Hence the coordinates of interception are (0, 1).

Generalisation

A generalisation is not particularly helpful in this context as one can encounter many different styles of equation, and it is very simple to solve the simultaneous equations in order to find the coordinates of interception on the Cartesian plane. However, it is useful for some people.

Suppose the following are plotted:

$y = m_{1}x + c_{1}$

$y = m_{2}x + c_{2}$

Hence one can equate the two:

$m_{1}x + c_{1} = m_{2}x + c_{2}$

$x \left( m_{1} - m_{2} \right) = c_{2} - c_{1}$

$x = \frac{c_{2} - c_{1}}{m_{1} - m_{2}}$

It is not recommended that a student tries to remember this, one would be better to simply learn how to solve simultaneous linear equations, and use the skills in this context.

The gradients of perpendicular lines

Finding the gradient of a line which is perpendicular to a known line is certainly helpful, and also relatively easy.

Generalisation

Suppose that one has the same situation as previously discussed for the calculation of the gradient of a line (this being a construction of a right-angled triangle). If the line is rotated to make it perpendicular, this is an anti-clockwise rotation, and has the following effect on the vector which describes the line from the centre of rotation to a given point:

$\left( \begin{array}{ccc} x \\ y \end{array} \right) \to \left( \begin{array}{ccc} -y \\ x \end{array} \right)$

Now consider that if one is to take any point of rotation it will have the desired effect on the line (as one is rotating an infinite line upon which the right-angled triangle can be constructed in any place).

Suppose that the lowest part of the line to be the vertex of the triangle is the centre of rotation (see Figure 002).
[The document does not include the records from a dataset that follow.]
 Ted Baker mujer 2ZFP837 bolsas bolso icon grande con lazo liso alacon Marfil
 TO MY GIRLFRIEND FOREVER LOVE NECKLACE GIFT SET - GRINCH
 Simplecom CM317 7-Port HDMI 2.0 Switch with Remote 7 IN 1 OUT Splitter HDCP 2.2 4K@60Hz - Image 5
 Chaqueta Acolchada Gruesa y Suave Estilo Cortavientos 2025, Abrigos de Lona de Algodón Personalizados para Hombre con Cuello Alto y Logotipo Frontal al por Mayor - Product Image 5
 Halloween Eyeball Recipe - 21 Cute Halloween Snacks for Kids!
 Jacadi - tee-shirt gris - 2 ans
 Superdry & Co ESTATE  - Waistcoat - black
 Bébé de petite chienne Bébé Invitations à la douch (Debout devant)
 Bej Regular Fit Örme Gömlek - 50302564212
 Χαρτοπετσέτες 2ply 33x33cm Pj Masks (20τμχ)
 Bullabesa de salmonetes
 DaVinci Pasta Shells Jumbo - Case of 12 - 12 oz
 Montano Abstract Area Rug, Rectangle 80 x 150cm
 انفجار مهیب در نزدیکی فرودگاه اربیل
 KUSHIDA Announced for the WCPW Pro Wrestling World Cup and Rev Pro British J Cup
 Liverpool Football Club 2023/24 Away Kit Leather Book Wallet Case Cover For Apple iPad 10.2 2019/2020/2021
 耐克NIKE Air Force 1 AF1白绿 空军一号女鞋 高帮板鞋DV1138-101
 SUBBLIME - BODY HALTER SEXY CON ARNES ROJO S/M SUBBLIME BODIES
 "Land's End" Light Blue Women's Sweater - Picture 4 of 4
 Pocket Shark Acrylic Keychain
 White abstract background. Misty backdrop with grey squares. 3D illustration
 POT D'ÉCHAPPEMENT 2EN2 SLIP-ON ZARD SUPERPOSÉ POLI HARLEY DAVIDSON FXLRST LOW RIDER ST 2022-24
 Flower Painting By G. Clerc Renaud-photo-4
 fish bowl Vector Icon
Now:

$Let\ t = \Delta y$

$Let\ r = \Delta x$

Hence:

$m = \frac{t}{s}$

Also:

$Let\ P_{1}\ denote\ the\ lowest\ vertex\ in\ the\ triangle\ which\ is\ on\ the\ line.$

$Let\ P_{2}\ denote\ the\ highest\ vertex\ in\ the\ triangle\ which\ is\ on\ the\ line.$

$Let\ P_{3}\ denote\ the\ vertex\ whose\ angle\ is\ a\ right-angle.$

Now consider the effects of the rotation (to make a perpendicular line) on the right-angled triangle:

$\left( \begin{array}{ccc} r \\ 0 \end{array} \right) \to \left( \begin{array}{ccc} 0 \\ r \end{array} \right)$

$\left( \begin{array}{ccc} r \\ t \end{array} \right) \to \left( \begin{array}{ccc} -t \\ r \end{array} \right)$

Hence, "-y" is now $\Delta x$ , and "x" is now $\Delta y$ . Hence the gradient of the perpendicular is:

$\frac{\Delta y}{\Delta x} = \frac{x}{-y}$

Now use the notation of "m":

The original line:

$m = \frac{y}{x}$

Hence, with reference to the perpendicular line:

$\frac{x}{-y} = - \frac{1}{m}$

This can be applied to any line.

Example

1. Find the gradient of the perpendicular to the line y = x + 2 .

This is a simple task. First one must find the gradient of the original line. This is evidently 1 as it is expressed in the form of y = mx + c , and the coefficient of is 1.

Now one simply uses the formula derived above, thus:

$- \frac{1}{m} = - \frac{1}{1} = -1$

One can apply this method to calculate the equation of the perpendicular at a given point. It must be understood that one can only state the gradient of the perpendicular, and not the equation if one does not have any information of the exact intersection of the perpendicular with the original line.